Phoenix, whose primal ancestor here is Conrad Veidt in 1928’s The Man Who Laughs, has some gargoyle charisma steeped in self-pity, but his nuances seldom find traction in the slurry of flippant derivations. Over-hyped in style, over-debated by media, this is a pop culture mortuary, a fossil deposit of kitsch nostalgia. Arthur’s celebrity breakout comes on De Niro’s program, which launches his violent Joker nihilism. Rising bloody but grinning from a pietá pose, he is hailed by clown-masked rioters. How much further franchising can there be from such exhausted premises?   

SALAD (A List)
Ten Good Crypto-Toon Movies from Comics
With main star, director and year:
The Life and Death of Col. Blimp (Roger Livesey, Michael Powell, 1943), The Addams Family (Anjelica Huston, Barry Sonnenfeld, 1991), American Splendor (Paul Giamatti, Shari Springer Berman, 2003), Spider-Man (Tobey Maguire, Sam Raimi, 2002), Batman (Jack Nicholson, Tim Burton, 1989), Popeye (Robin Williams, Robert Altman, 1980), Wonder Woman (Gal Gadot, Patty Jenkins, 2017), Who Framed Roger Rabbit (Bob Hoskins, Robert Zemeckis, 1988), Superman (Christopher Reeve, Richard Donner, 1978) and Men in Black (Will Smith, Barry Sonnenfeld, 1997).

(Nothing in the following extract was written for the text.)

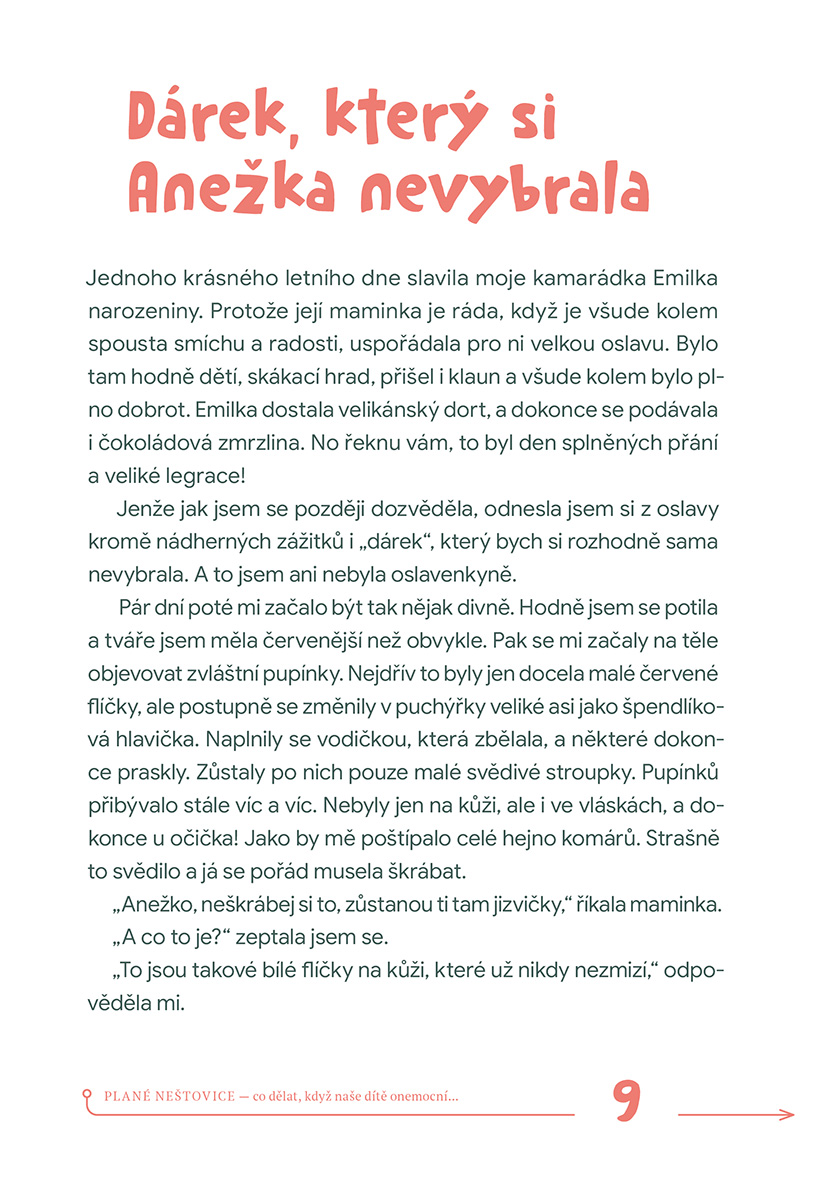 U doktora nanečisto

WINE (Vin Orsonaire de Chateau Welles)
John Ford welcomed Orson Welles to Hollywood in 1939, and while prepping Citizen Kane Welles studied Ford’s Stagecoach religiously. But when, decades later, Peter Bogdanovich put a vintage Ford on his home screen, Orson couldn’t help himself: “During the first reel I said, ‘Isn’t it funny how incapable even Ford was of making women look in-period?’ You can always tell which decade a costume picture was made in, even if it’s supposed to be in the 17th century. ‘Look at those two girls in the covered wagon. Their hairdos and costumes are really what the actresses in the ’50s thought was good taste. Otherwise, they’re gonna say ‘I won’t come out in this.’ Peter flew into a rage, turned off the projector and wouldn’t let us see the rest of the movie because I didn’t have enough respect for Ford! But Jack made some of the best ever.” (From the Welles/Henry Jaglom My Lunches with Orson.) 

ENTRÉE (Starlight Rising)
The halting, difficult bonding of Tex-stud Ron (Matthew McConaughey) and drag queen Ray/Rayon (Jared Leto) is the binary core fused by AIDS in Dallas Buyers Club: “Leto’s ‘I don’t wanna die’ is the most moving I’ve ever heard on film, his performance as humanely graceful and open-hearted as Bruce Davison’s in Longtime Companion. Ray’s ending in a hospital cuts to Ron in Mexico (buying drugs). There in a drug-med lab he walks in wonder among thousands of golden butterflies, used for thcir hormones. The poetic juxtaposition feels absolutely right, for Dallas is about a man dying, but also about a man emerging like a butterfly from a cocoon – turning from a crudely barricaded personality into a caring, missionary person, in one of the toughest critiques of machismo ever filmed.” (Both actors won Oscars. From the McConaughey/Dallas Buyers Club chapter of my book Starlight Rising, available from Kindle, Nook and Amazon.)

DESSERT (Image)
A fine movie image is more than a still, it’s a distillation.



Matthew McConaughey and Jared Leto put themselves through the mortal mill, and both won Oscars for starring in Dallas Buyers Club (Focus Features 2013; director Jean-Marc Valée, d.p. Yves Bélanger).